At 7:10 A. M., I woke with this corrective dream:

A senior myself, I decide to move into a Jewish apartment complex, shabby in appearance, its property split by the rails of the Metrolink. In the lounge, the mixed residents share hilarious stories and games: among them, the mating game that requires participants to identify their mates using other names. I decide to join them. After I mastered several tasks, I discovered my mate, elderly, smiling, and wearing steel spectacles. I’m overwhelmed but know I’ll adjust in time.

In the dream, I am elderly, but healthy, as I make decisions that reflect behaviors foreign to my present values—evidence of little-to-no forethought.
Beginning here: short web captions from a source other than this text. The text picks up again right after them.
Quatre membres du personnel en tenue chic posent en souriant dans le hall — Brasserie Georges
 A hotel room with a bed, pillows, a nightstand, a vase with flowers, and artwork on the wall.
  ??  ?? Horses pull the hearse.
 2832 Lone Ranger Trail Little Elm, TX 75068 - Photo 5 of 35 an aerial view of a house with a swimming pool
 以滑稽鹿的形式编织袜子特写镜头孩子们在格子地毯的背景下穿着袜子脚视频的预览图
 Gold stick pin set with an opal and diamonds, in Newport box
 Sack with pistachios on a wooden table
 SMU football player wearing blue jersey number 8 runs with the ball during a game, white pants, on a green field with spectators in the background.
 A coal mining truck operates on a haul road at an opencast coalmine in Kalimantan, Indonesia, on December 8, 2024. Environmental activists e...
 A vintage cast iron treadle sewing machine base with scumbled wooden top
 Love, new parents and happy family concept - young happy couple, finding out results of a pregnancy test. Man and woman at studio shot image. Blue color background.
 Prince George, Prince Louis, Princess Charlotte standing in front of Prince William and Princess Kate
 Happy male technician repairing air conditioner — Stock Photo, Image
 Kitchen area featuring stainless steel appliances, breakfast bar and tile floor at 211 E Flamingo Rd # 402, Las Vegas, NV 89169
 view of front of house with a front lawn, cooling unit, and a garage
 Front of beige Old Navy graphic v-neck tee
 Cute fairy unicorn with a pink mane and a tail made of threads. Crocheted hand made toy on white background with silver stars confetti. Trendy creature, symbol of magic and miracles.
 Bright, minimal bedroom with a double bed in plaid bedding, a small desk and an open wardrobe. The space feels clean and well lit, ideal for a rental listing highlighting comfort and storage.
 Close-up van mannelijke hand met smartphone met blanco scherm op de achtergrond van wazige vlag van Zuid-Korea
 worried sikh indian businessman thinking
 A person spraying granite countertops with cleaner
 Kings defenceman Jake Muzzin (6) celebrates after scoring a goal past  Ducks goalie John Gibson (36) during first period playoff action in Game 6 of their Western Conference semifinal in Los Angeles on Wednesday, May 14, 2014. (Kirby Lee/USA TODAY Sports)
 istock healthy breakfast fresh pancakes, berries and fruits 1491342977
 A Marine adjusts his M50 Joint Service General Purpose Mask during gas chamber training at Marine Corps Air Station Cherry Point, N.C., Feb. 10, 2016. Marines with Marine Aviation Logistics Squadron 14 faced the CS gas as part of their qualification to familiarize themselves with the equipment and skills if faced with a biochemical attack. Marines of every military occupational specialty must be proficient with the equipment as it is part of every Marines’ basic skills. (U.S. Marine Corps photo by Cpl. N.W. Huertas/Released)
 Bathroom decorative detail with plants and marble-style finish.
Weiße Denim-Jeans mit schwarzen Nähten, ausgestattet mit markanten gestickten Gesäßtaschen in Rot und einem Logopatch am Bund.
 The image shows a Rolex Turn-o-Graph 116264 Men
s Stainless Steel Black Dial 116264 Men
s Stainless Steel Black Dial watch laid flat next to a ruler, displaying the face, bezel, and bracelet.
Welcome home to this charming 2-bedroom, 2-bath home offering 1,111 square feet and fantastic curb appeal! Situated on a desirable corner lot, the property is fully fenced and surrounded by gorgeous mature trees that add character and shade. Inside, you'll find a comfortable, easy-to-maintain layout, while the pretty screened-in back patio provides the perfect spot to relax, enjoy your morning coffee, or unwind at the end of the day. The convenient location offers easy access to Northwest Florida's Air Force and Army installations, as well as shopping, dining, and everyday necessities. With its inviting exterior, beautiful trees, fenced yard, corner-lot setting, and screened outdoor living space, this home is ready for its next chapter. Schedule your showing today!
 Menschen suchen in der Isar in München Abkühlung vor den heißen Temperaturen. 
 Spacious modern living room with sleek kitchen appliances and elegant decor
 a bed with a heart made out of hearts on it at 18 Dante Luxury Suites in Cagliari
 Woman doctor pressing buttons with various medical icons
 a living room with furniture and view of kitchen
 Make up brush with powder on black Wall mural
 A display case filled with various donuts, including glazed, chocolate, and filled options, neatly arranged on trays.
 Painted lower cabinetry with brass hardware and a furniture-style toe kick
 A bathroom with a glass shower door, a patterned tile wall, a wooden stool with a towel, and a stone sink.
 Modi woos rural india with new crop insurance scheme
Something else must be going on.

The Jewish apartment complex…its property split by the rails of the Metrolink suggests a noisy, congested living space that aptly describes my self-generated distractions. The split, a wound of sorts in my psyche, prevents deep listening in prayer; it keeps me rigidly attached to my daily routine lest I lose ground and cave in to the active process of dying that will complete my transition—thus my need to control this process rather than surrender it to Precious God.

And the playful mixed residents, appropriate under other circumstances, increase my anxiety, deepen my longing for solitude, and exacerbate my pretense of game-playing. I certainly don’t need a mate, of any age.

Like angry flood waters barreling me where I have no need to go, my instincts have had their heyday with me. Such is the dream’s message and cry for more practice of Step XI: Sought through prayer and meditation to improve out conscious contact with God as we understand him, praying only for knowledge of his will for us and the power to carry it out.